Starting at the line that contains "Domaniç Dağları'na uzanan" and stopping at the line that contains "010526 - Aberdare", restate each line of the records below exactly. Omit the pictures.

# Data to examine
----------

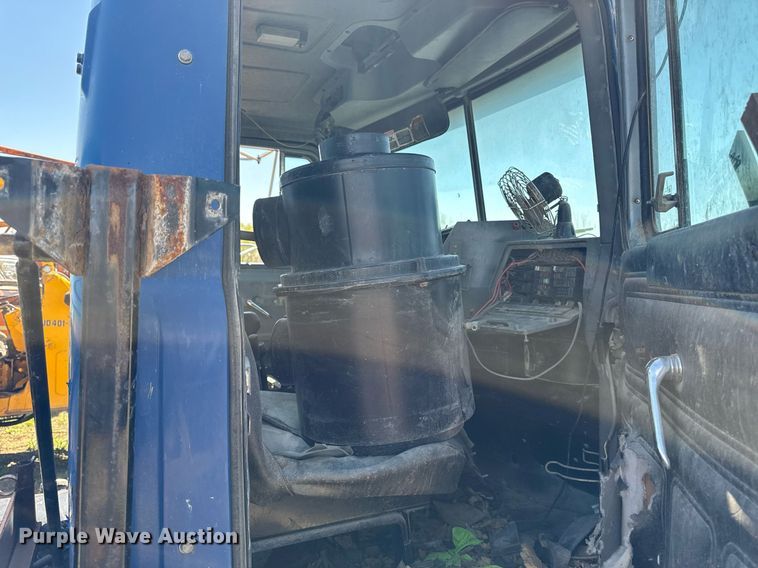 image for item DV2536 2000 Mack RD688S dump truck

----------

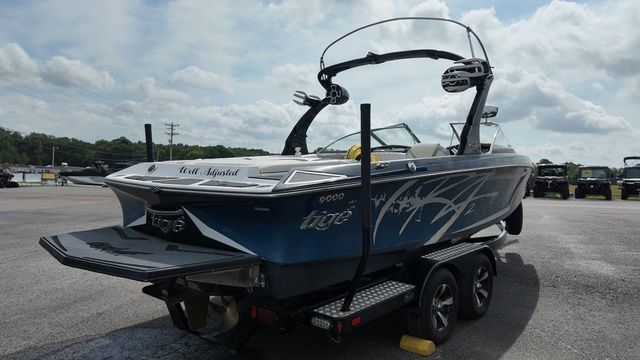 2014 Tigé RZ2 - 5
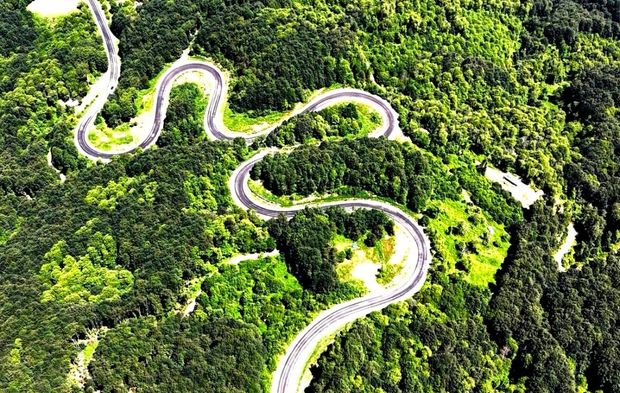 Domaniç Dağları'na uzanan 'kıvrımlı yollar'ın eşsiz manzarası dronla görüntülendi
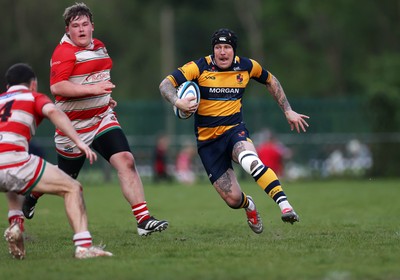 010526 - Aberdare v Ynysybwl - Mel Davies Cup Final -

----------

# Solution to this problem
 Domaniç Dağları'na uzanan 'kıvrımlı yollar'ın eşsiz manzarası dronla görüntülendi
 010526 - Aberdare v Ynysybwl - Mel Davies Cup Final -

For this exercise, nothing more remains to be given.